Any serious attempt to illustrate the variety of the sources of men’s ordinary laughter must, I think, find a place for this group. Among men, and one may add the gods, the uncovering of that which decency insists on hiding is a powerful provocative of laughter. In their more direct and potent workings indecent presentations appeal to the loud mirthfulness of the coarse mind, to the gros rire of the man tossing the gros sel, as Mr. Meredith has it. They bulk among the jocosities of savage tribes—or at least many of these—and of the less refined among civilised societies. Culture is a great restraining influence here. Yet it would be an error to suppose that educated men who are also of the laughter-loving are destitute of this sensibility. The impulse to greet merrily an allusion to the indecent, when it comes unexpectedly, taking us off our guard, so to speak, and when it is neither too pronounced nor enlarged upon, is, I believe, universal among men who laugh.

The laughter at a suggestion of what not only civilised but even savage society seeks to veil from view would seem to be most naturally regarded as a case of the improper, or breach of accepted rule. To make reference to these matters is to break through a well-understood social convention. This breach, moreover, carries with it a plump descent into the depths of the undignified; for since society has willed to throw the veil here any attempt to uplift it implies something shameful. The disgrace falls on the person who is the subject of the allusion—in all cases where there is a definable person concerned. In others, where {100} the allusion is directed to a common “infirmity” of human nature, the indignity done is, of course, more widespread. Not only so, we feel on hearing such an allusion that there is a lapse of dignity all round in speaker and hearers alike. The blush of the refined hearer attests this feeling of shame.

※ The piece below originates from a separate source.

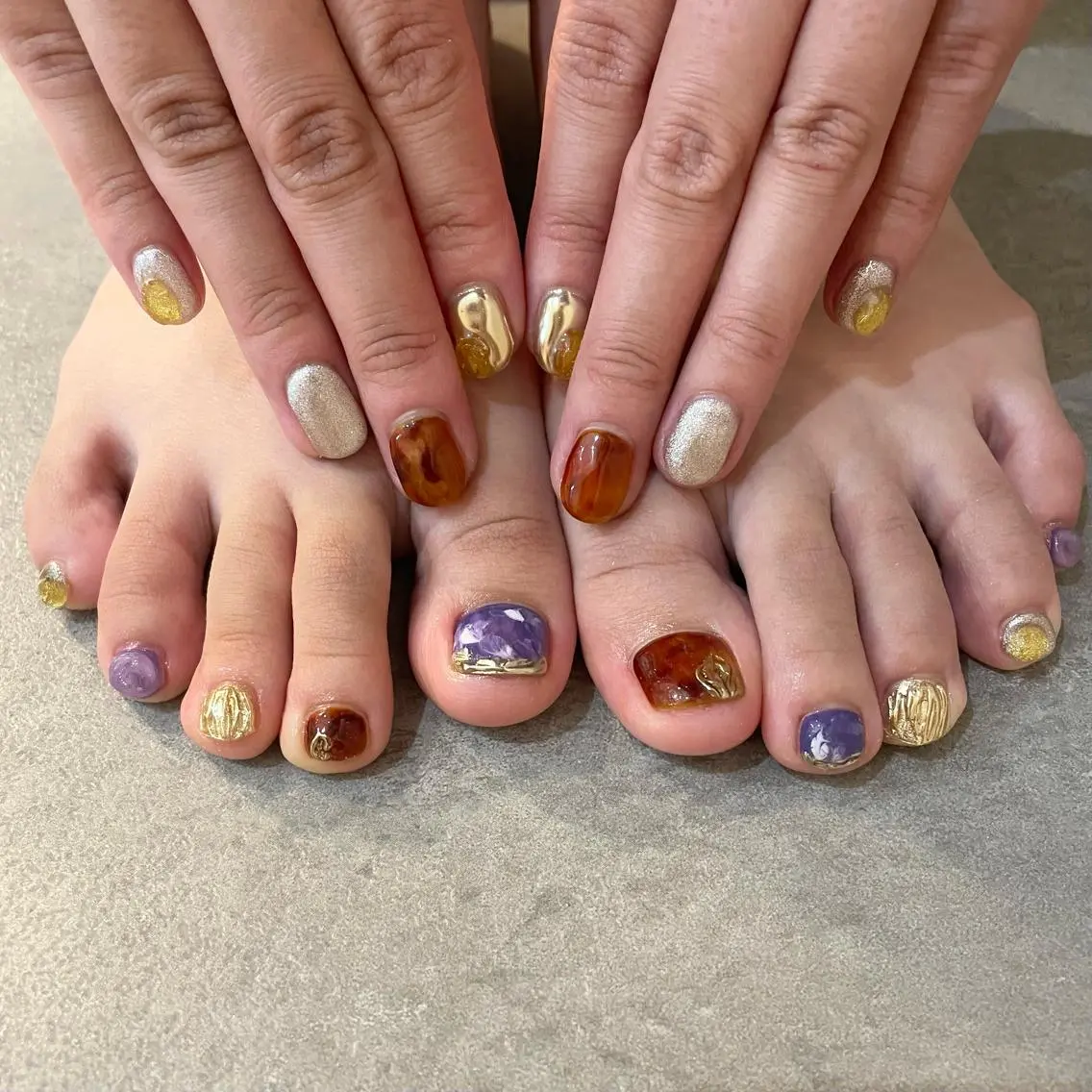ネイル フットネイル おそろいネイル Nail Salon Gummi.のネイルデザイン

Yet to describe the effect here as due to breach of rule and lapse of dignity is certainly not to give a full account of the modus operandi of this variety of the laughable. If to speak of these things is forbidden and branded as an offence to good taste, on the other hand that which is alluded to is a real and an inseparable part of our nature. The enjoyment of these allusions may accordingly be viewed under another aspect as a rejection of the artificial in favour of simple unadorned nature. The casting aside for the moment of the decent veil and the facing of what is customarily hidden away seems, indeed, to be attended by a distinct feeling of liberation from restraint and of joyous expansion. Hence, probably, the fact noted by historians of mediæval manners that the coarseness of the jocosity appeared to increase with the magnitude of the feast. The mood of exuberant hilarity favours the slackening of all artificial restrictions. The same consideration may, perhaps, explain the hold which coarse jokes, if only they have just the right quantum of salt, maintain on the humorous palate of the strong and virile among men of intellect.